I arrived in Seattle on May 4th, 2000. I applied for a job at Elliott Bay Book Company two days later. My first day at Elliott Bay Book Company was May 15th. I cannot express how important being hired at Elliott Bay was for me, what it did for my life. I had worked at a Borders in Boston for years, but Elliott Bay was, quite obviously, something different. It was more serious than Borders, felt more like a place of worship. While customers at Borders always treated booksellers with scorn, the customers were nicer, more deferential to booksellers at Elliott Bay; they respected our knowledge and were interested in what we had to say. And the reading series, with an average of at least one event per day, meant that even the newest booksellers interacted with world-class authors. (On May 17th, I worked at a Sherman Alexie reading from The Toughest Indian in the World at Town Hall Seattle. He was incredibly gracious to all the booksellers. I also worked readings with Chuck Palahniuk, Dave Eggers, and David Sedaris that year, all of whom were almost impossibly nice.)
There is an understanding when you come to work at Elliott Bay that you’re working at one of the best bookstores in the world. And though the pay was not remarkable — better than Borders, but in line with non-commission retail work — you got to spend your days in one of the most beautiful bookstores in the world. (And the 40 percent staff discount and endless supply of free advance reader’s copies probably saved me thousands of dollars a year in book purchases I would’ve made if I worked anywhere else.)
Because it’s not tied to a corporate chain, it’s very easy for booksellers to make their mark at Elliott Bay. Humans, and not algorithms, order the books that make up the store. Sections are always evolving and growing. It’s not uncommon for a bookseller at Elliott Bay to champion a book so passionately that a publisher will order a new printing of the title based on the sales bump out of Seattle. Publishers will court Elliott Bay booksellers because they understand how much their approval means.
More than the books on the shelves, the people make the bookstore what it is: though Elliott Bay always has its share of enthusiastic young staffers, many booksellers have been with the store for decades. Store manager Tracy Taylor has led Elliott Bay through three owners, the Mardi Gras Riots of 2001, the Nisqually Earthquake, and the move from Pioneer Square to Capitol Hill. Receiving manager Erica Dorfman has shepherded uncountable millions of pounds of books through the store. Rick Simonson founded the reading series and has overseen its growth with Karen Maeda Allman, formerly of Red and Black Books. Head buyer Holly Myers has passionately tended to the kids’ section for decades. Store owner Peter Aaron dedicated his life to the vision that Walter Carr brought into the world over four decades ago; he kept the store alive when nobody else would, and his decision to move Elliott Bay to Capitol Hill breathed new life (financial and conceptual) into the business.

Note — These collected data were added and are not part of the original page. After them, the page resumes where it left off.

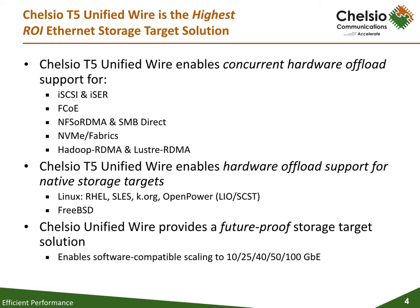Chelsea's T5 Storage Target Solution excels in enabling simplified, cost-effective development of enterprise-class storage systems. Chelsea's T5 adapters support concurrent hardware offload for a range of storage target stacks, including iSCSI and iSCSI over RDMA (iSER), FC over Ethernet, Microsoft SMB Direct, and the emerging NVMe over Fabrics protocol, enabling extensible, unified storage systems which can be deployed for a range of applications.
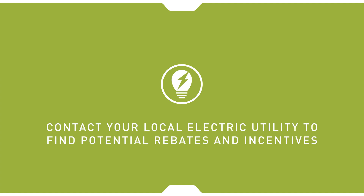Lastly, check for federal and local tax incentives, as well as potential support from your electric utility. Federal incentives could provide you with up to $300 off a new unit.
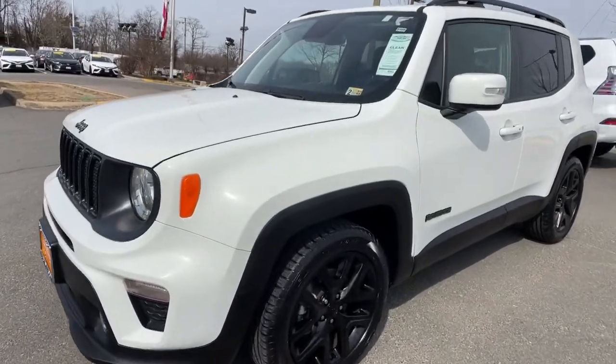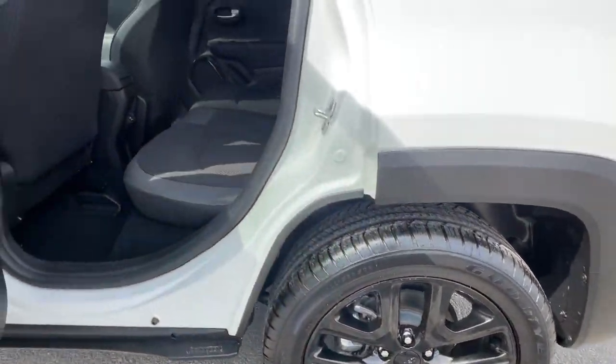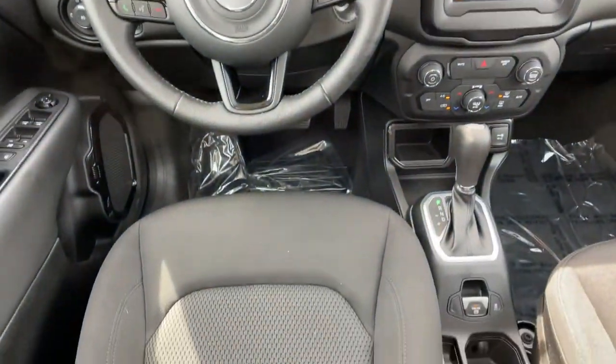Get into the 2019 Jeep Renegade. This vehicle still has fewer than 10,000 miles on the clock, so it won't last long. Punch up your daily drive in the seriously smart and capable Renegade. Its bold looks and rugged spirit inspire you on the road or on the trail.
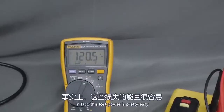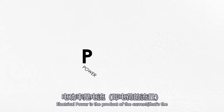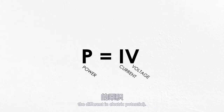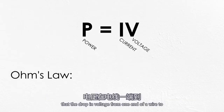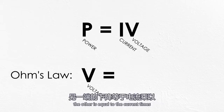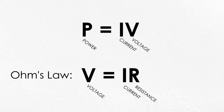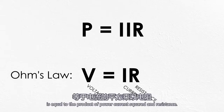In fact, this lost power is pretty easy to calculate if you're willing to do a little bit of algebra, which I always am. Electrical power is the product of the current — that's the flow rate of electric charge — and the voltage — that's the difference in electric potential. For a simple conductor, we can use Ohm's law to show that the drop in voltage from one end of a wire to the other is equal to the current times the resistance of the wire measured in Ohms. Substituting this relationship in, we find that the power loss is equal to the product of current squared and resistance.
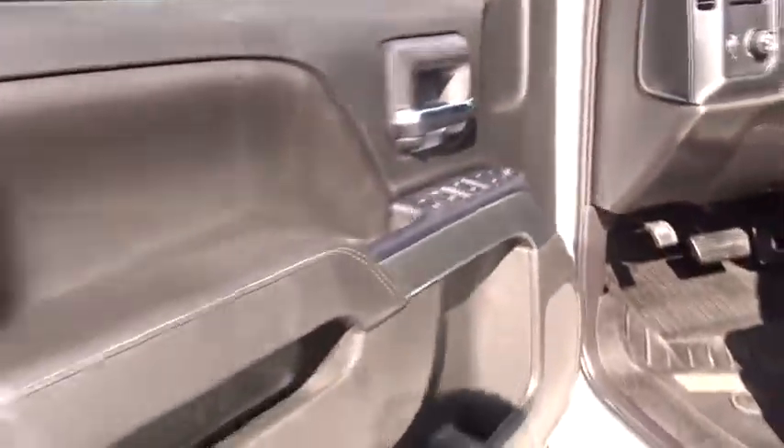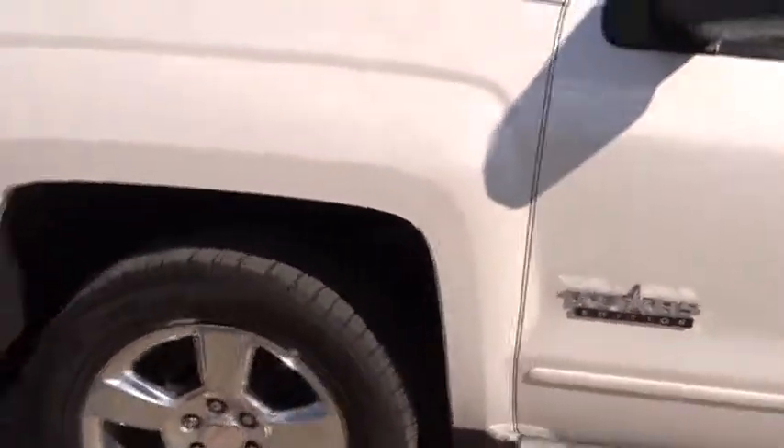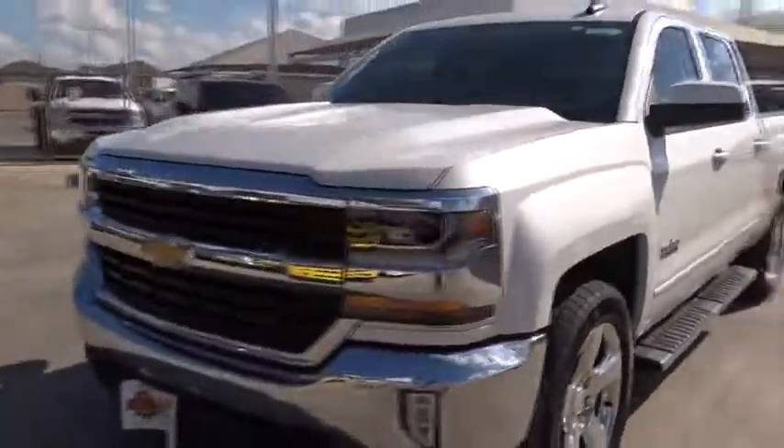This vehicle offers reliability and good looks at a great price. So come in and take a test drive today.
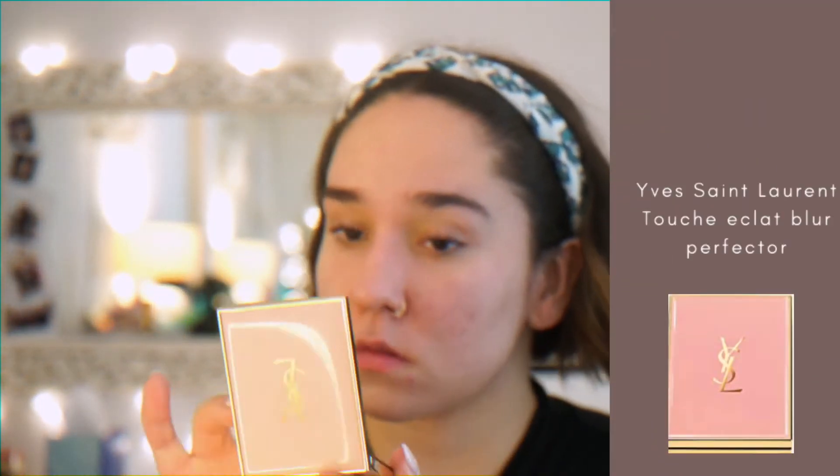Then I'm going to apply primer. For traveling, I love using Chanel's LeBlanc Light Creator Brightening Base with SPF 40 so that I won't get burned in the sun. Next, I'm using my YSL Blur Perfector to make my pores look smaller and even out my skin tone.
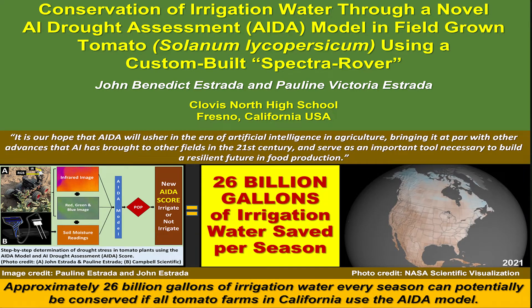Our project is about conservation of irrigation water through a novel artificial intelligence drought assessment model in field grown tomato, using a custom built Spectra rover equipped with a visible light spectrum and infrared camera system.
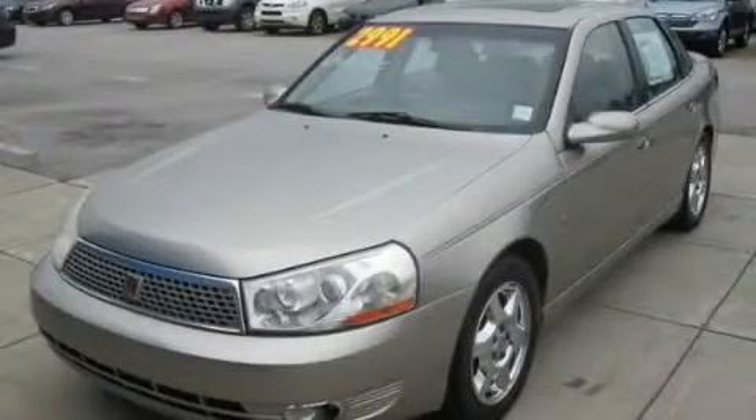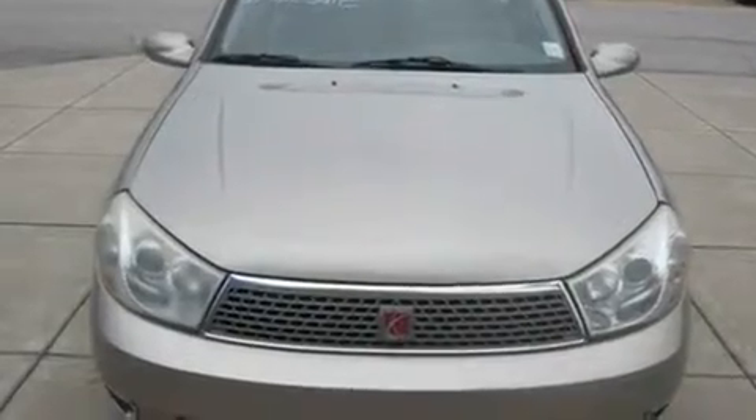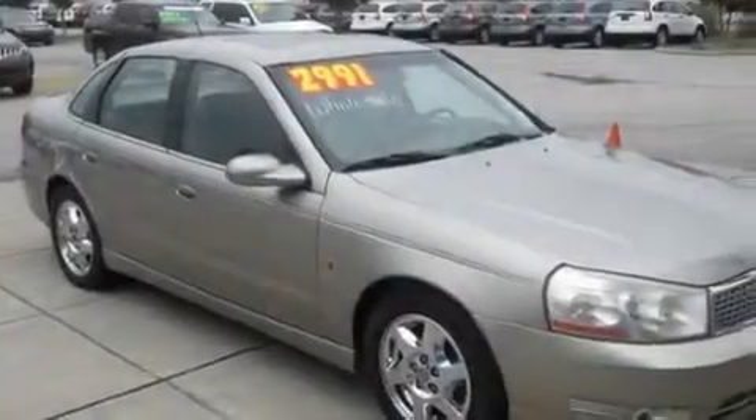This is a 2003 Saturn L-Series, a great fit and finish. It has a 2.2-liter 4-cylinder engine and a 4-speed automatic transmission.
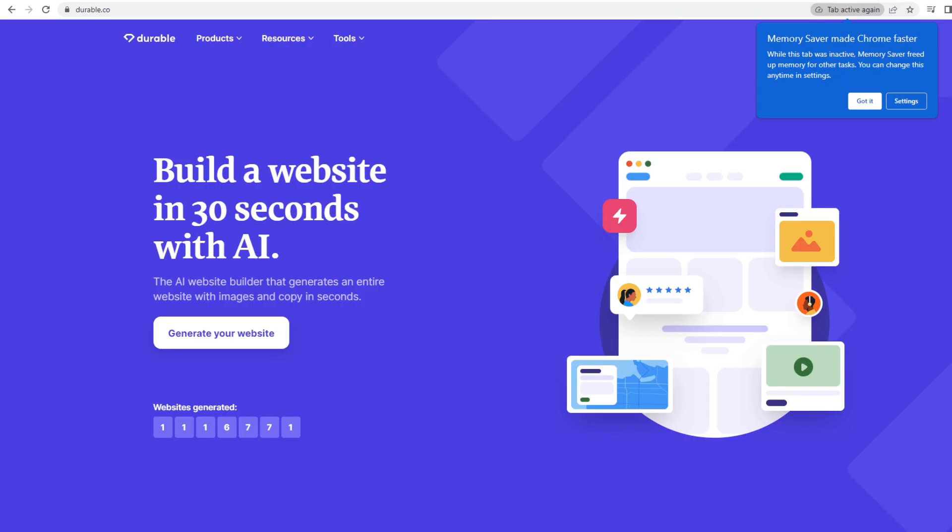On number one we have Durable. Durable is a revolutionary AI website builder that can take away much of the time-consuming frustration and efforts associated with building your own website. In just seconds, Durable can generate an entire website complete with images, copy, and other elements needed to get online quickly and easily.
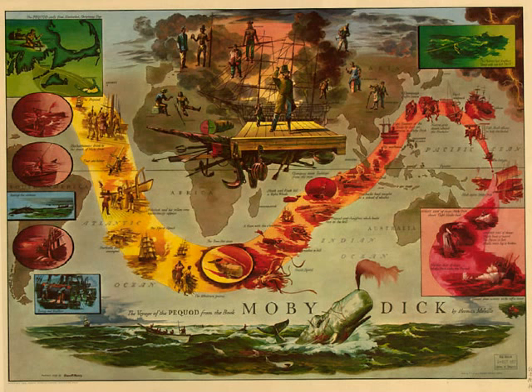But it very often happens that owing to the instantaneous, violent, convulsive running of the whale upon receiving the first iron, it becomes impossible for the harpooner, however lightning-like in his movements, to pitch the second iron into him. Nevertheless, as the second iron is already connected with the line, and the line is running, hence that weapon must, at all events, be anticipatingly tossed out of the boat, somehow and somewhere, else the most terrible jeopardy would involve all hands.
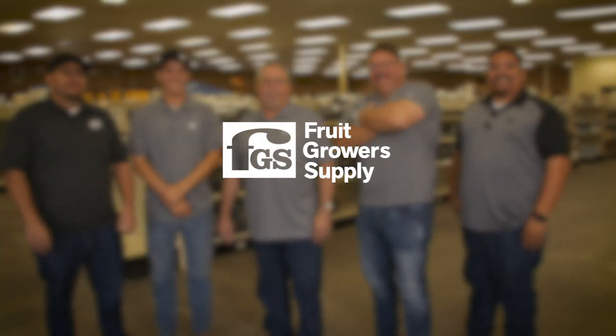Here at Fruit Grower Supply, you're going to get watered uniformly in your orchard.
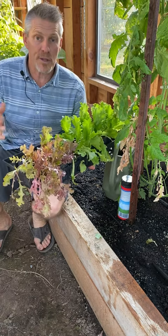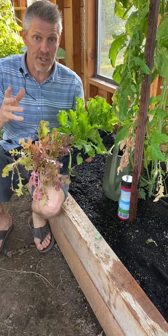Hey guys, I'm in my grow house. I'm Sustainable Stace. I want to plant this lettuce, but I have a problem. There's an unseen enemy. Whenever I plant greens in this soil, they get taken out.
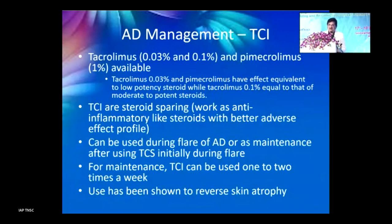When both moisturizers and steroids fail, steroid-sparing agents — topical calcineurin inhibitors (TCIs) — are used: tacrolimus 0.03% and 0.1%, and pimecrolimus. Tacrolimus 0.03% is used initially to avoid steroids, but for thick or prolonged lesions, 0.1% (equivalent to moderate-potent steroids) may be used. TCIs can be used during flares or as maintenance after initial TCS use — once or twice weekly. They are costly, so use sparingly.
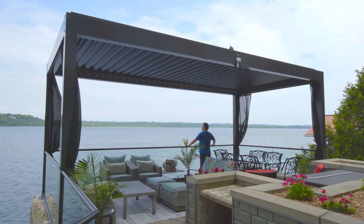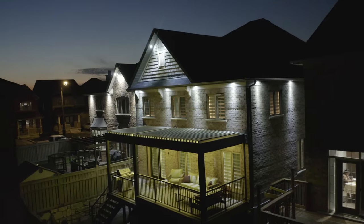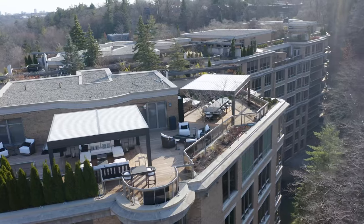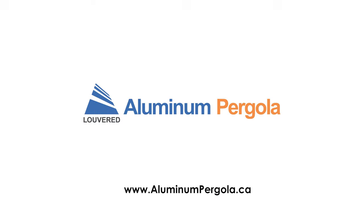Soak in the sun, relish the shade, and find peace under the rain. Extend your living space with the Aluminum Louvered Pergola, the most durable sunshade product in Canada. Installed once, enjoyed for a lifetime.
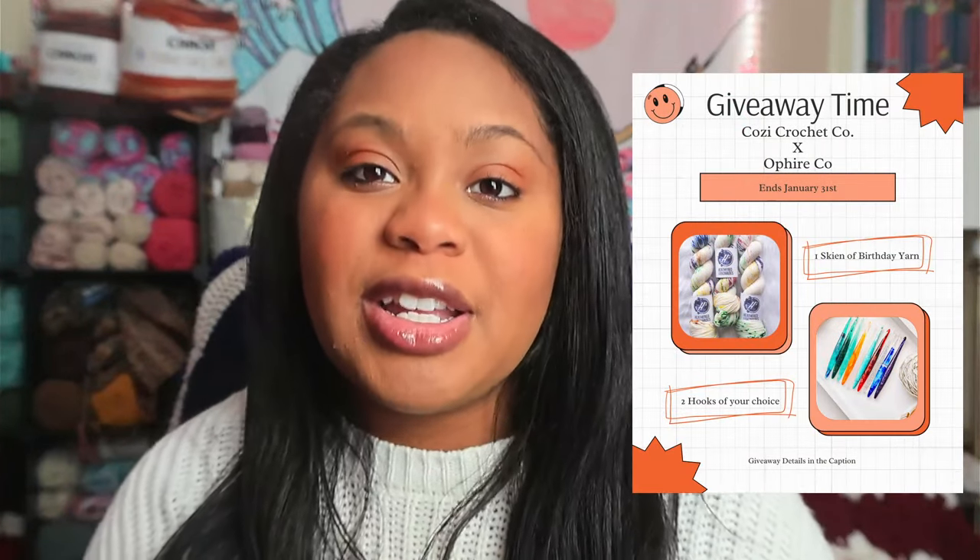If you are watching this video on January 14th, right now on Instagram me and Alfireco are collaborating on a giveaway. Make sure you are following me at CozyCrochet.co to enter — all you need to do is find this post right here and follow the instructions in the captions. This channel will be nothing without your support, so if you want a shoutout in the next video and would like to support the channel, buy me a coffee — the link will be down below in the description.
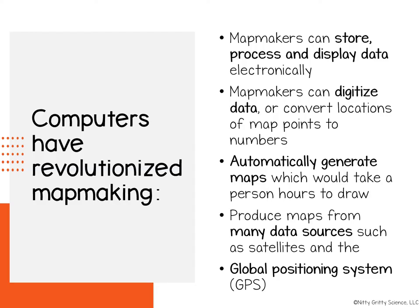Computers also allowed mapmakers to use data from sources such as satellites and the Global Positioning System. GPS and satellites now allow you to have maps and directions sent to a device in real time. Look at the map on your device, and you will be able to see water and land features, elevation features, and even a road that is currently being built.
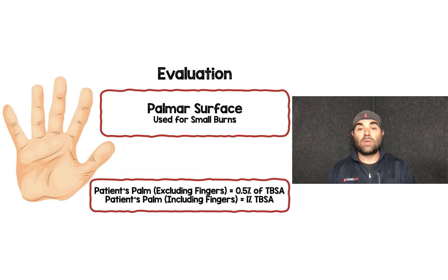For smaller burns, you can use the palmar surface method. The patient's palm excluding fingers equals 0.5% total body surface area, and including fingers equals 1%. I would only use this for smaller burns — for more severe burns, use the rule of nines or the Lund-Browder chart.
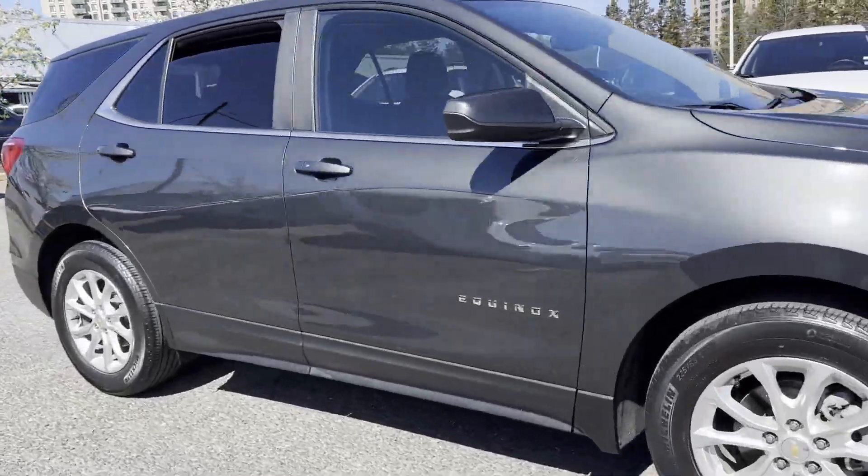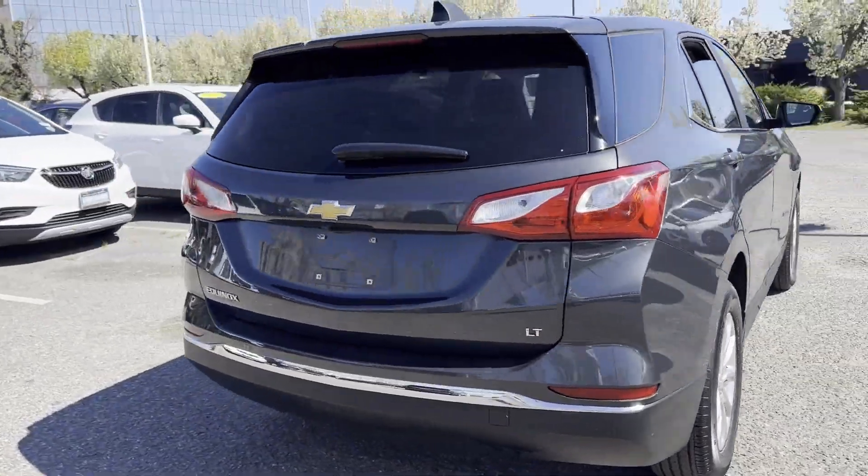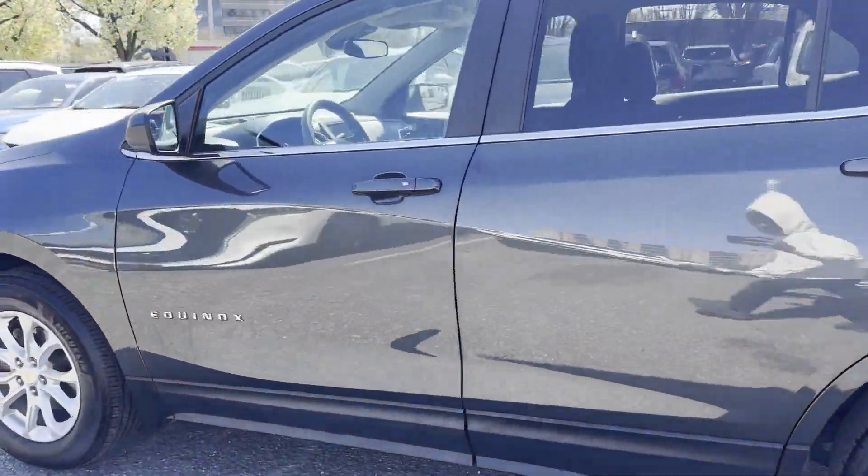2021 Chevrolet Equinox. With less than 41,000 miles on the odometer, this SUV offers space as well as power and performance.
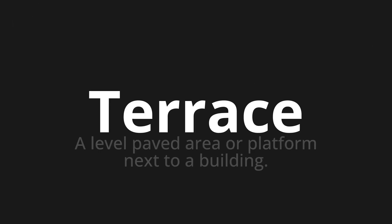Welcome to this pronunciation video. Today we will be focusing on a new word that you might find challenging or entreating. So let's dive into today's word: Terrace, which means a level paved area or platform next to a building.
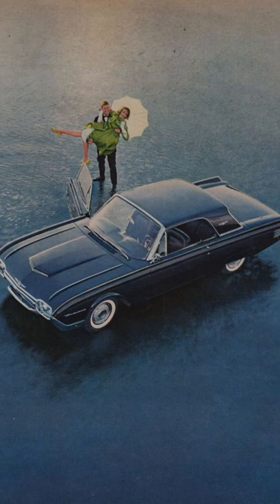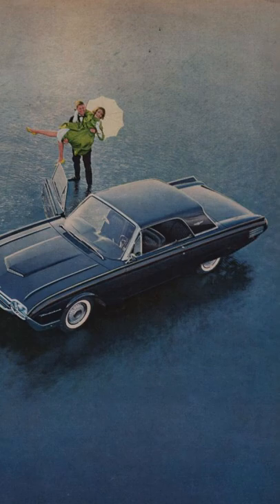The 1960s automobiles belonged to a distinct decade of automobile history with the advent of economy, muscle and pony cars. Thunderbird 61 Magic.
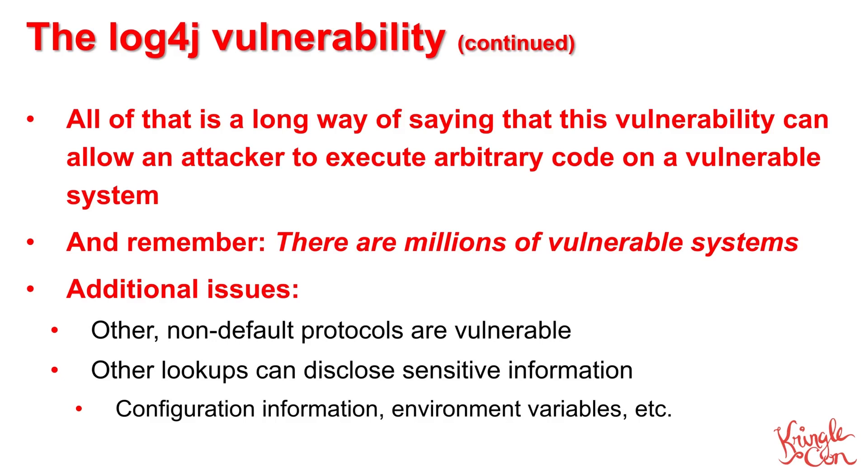Millions of vulnerable systems. Unfortunately, that's not even the only issue with these lookups. There are other non-default protocols that can exhibit this same vulnerability, and even other lookup requests that can expose sensitive information, like configuration options or environment variables. This is an incredibly bad vulnerability.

I’m obviously biased, but Elliott Bay is, to my mind, the best bookstore in the world. Plenty of people swoon over Powell’s, but I’ve always thought it to be just too damn big. I’ve lost days to browsing the stacks at Powell’s, but I just can’t wrap my head around the store because there’s too much of it. Elliott Bay is big enough to get lost in but just small enough to comprehend. It’s human-sized, and in an age when you can get whatever you want online, that curation is important.
The selection at Elliott Bay is obviously huge, but it’s also stocked with the right books, chosen and shelved by a human being who loves books. That’s not the kind of thing you can quantify, but it is something you can recognize when you see it. When a book comes to you through the hands of so many good people, that book somehow carries more value. It gives the book a continuity and it gives the reader a community. This is the kind of power that can change a life.